6 The power to depart from the general rule to the effect that costs follows the event and to instead adjust the costs order to be made by reference to the failure of the generally successful party on specific and
(Page 4)
- particular issues within the litigation, is recognised by practice, authority and the express provisions of O 66 r 1(3). However, its application depends upon the identification of discrete and severable issues, the litigation of which has increased the costs of conducting the proceedings. Established practice in this State, and the authorities, suggest that the exercise of this power should be approached broadly, and as a matter of impression, and without an attempt at 'mathematical precision' which is likely to prove illusory - see, for example J-Corp Pty Ltd v Australian Builders Labourers Federated Union of Workers (Western Australian Branch) (No 2) (1993) 46 IR 301.
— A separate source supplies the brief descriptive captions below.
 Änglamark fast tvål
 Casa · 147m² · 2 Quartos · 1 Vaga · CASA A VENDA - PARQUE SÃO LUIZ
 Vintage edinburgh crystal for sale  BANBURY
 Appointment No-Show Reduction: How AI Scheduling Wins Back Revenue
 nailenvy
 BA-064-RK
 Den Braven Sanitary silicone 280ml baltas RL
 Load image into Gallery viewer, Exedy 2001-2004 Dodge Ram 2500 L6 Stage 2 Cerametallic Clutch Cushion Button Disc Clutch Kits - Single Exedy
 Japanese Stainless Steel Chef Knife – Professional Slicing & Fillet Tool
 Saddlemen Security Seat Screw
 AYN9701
7 Accordingly, the power to adjust an order for costs by reference to particular issues upon which the generally successful party has failed, is properly exercised only where there are discrete and severable issues upon which the generally successful party has failed, and which have added to the cost of the proceedings in a significant and readily discernible way. In a case in which the generally successful party has failed on only a minor issue, which did not add materially to the cost of the conduct of the proceedings, it would not ordinarily be appropriate to depart from the general rule, unless the conduct of the generally successful party in relation to that issue had been unreasonable. In the event of unreasonableness, different considerations may apply.
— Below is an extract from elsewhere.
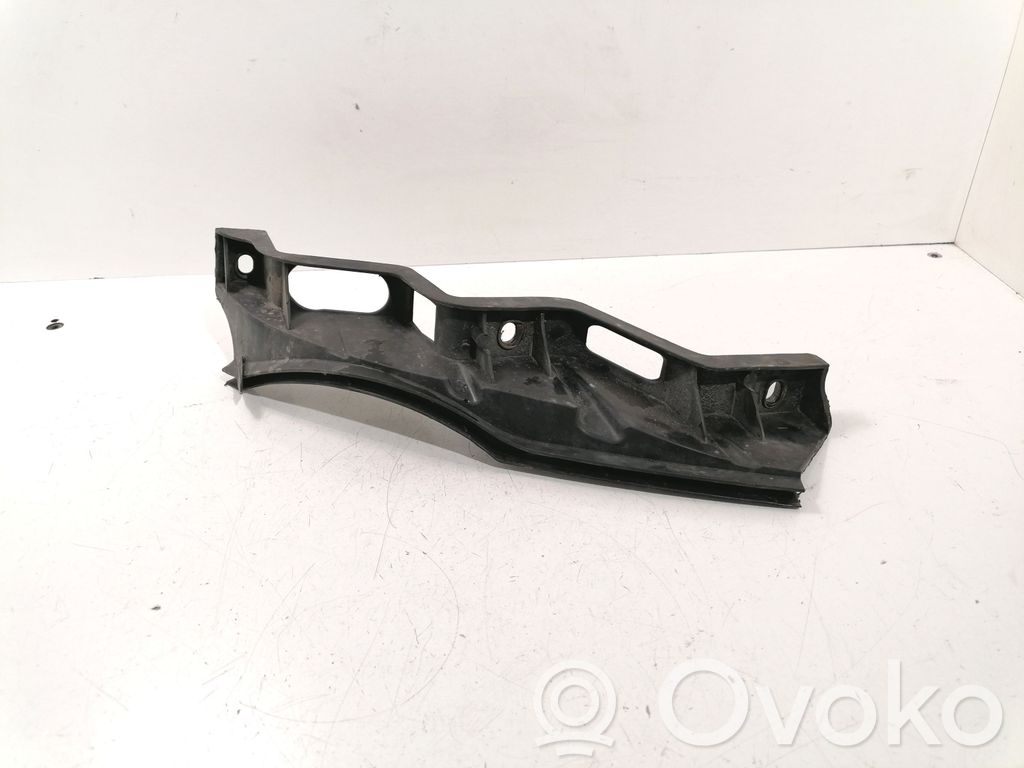 Volkswagen PASSAT B6 Headlight/headlamp mounting bracket 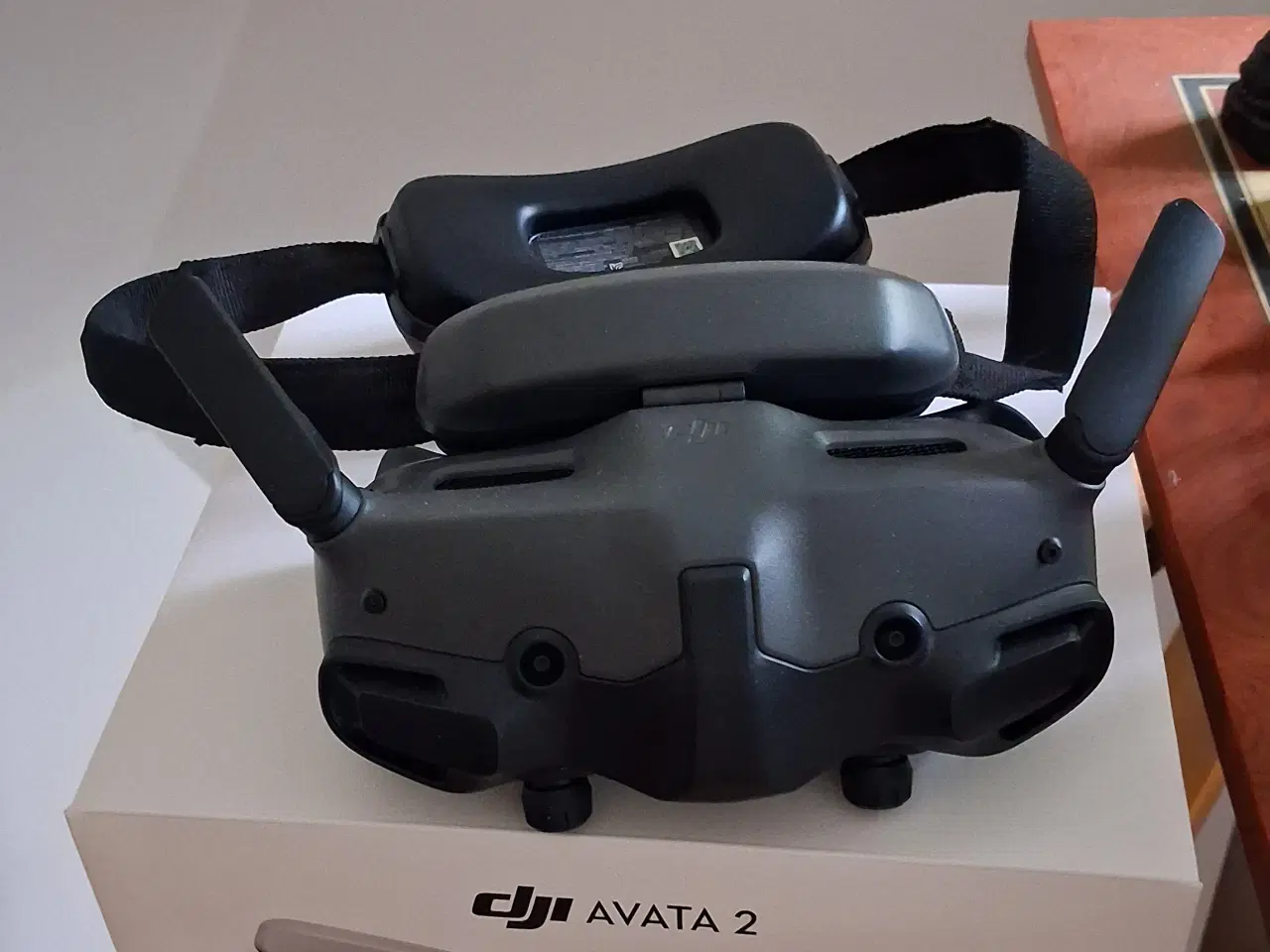 Billede 6 - Dji Avata 2 FPV Drone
8 Applying those principles to the circumstances of this case, it is undoubtedly the case that the four issues identified by the respondents arose for determination both at trial and on appeal. However, the factual and evidentiary substratum to each of those issues was substantially common to all issues, and was largely addressed by each of the experts who were called by each of the parties. At the heart of each of the issues was the question of the extent to which the inhalation of respirable asbestos fibre in the course of what were characterised as 'home handyman activities' performed infrequently on materials containing asbestos fibre, caused or contributed to the risk of each of the respondents contracting mesothelioma. That issue, and particularly the state of knowledge in relation to that issue, bore directly upon the issues of foreseeability, and duty of care, and also upon the question of whether the appellant was in breach of the duty of care which the majority found it owed to each respondent. The issue was central to the question of causation. So, although this is a case in which the legal consequences of the basic factual and evidentiary substratum had to be enunciated in the resolution of different questions, it was also one in which there was some overlap between the basic factual and evidentiary substratum in respect of each of those questions.
(Page 5)
9 Applying those considerations to the issue of the costs of the trial, because the major part of the time spent at trial was concerned with evidence which spanned all four identified issues, and because it seems to us that it was reasonable for the appellant to put the respondent to the proof of all of the issues necessary to establish their cause of action, there should be no departure from the general rule, and the respondent should be ordered to pay the appellant's costs of the trial to be taxed.
10 In relation to the costs of the appeal, unlike the case of Amaca Pty Ltd v Hannell [2007] WASCA 158; (2007) 34 WAR 109, which was heard simultaneously with this appeal, the appellant succeeded on the question of causation. The argument directed specifically to the issues of foreseeability and duty of care, upon which the respondent succeeded, was not severable and discrete from the issues upon which the respondent failed, and did not substantially increase the cost of conducting the appeal. Accordingly, the general rule should be applied, and the respondent ordered to pay the appellant's costs of the appeal to be taxed.
11 So the orders of the Court will be that the respondent pay the appellant's costs of the trial and the appeal, to be taxed.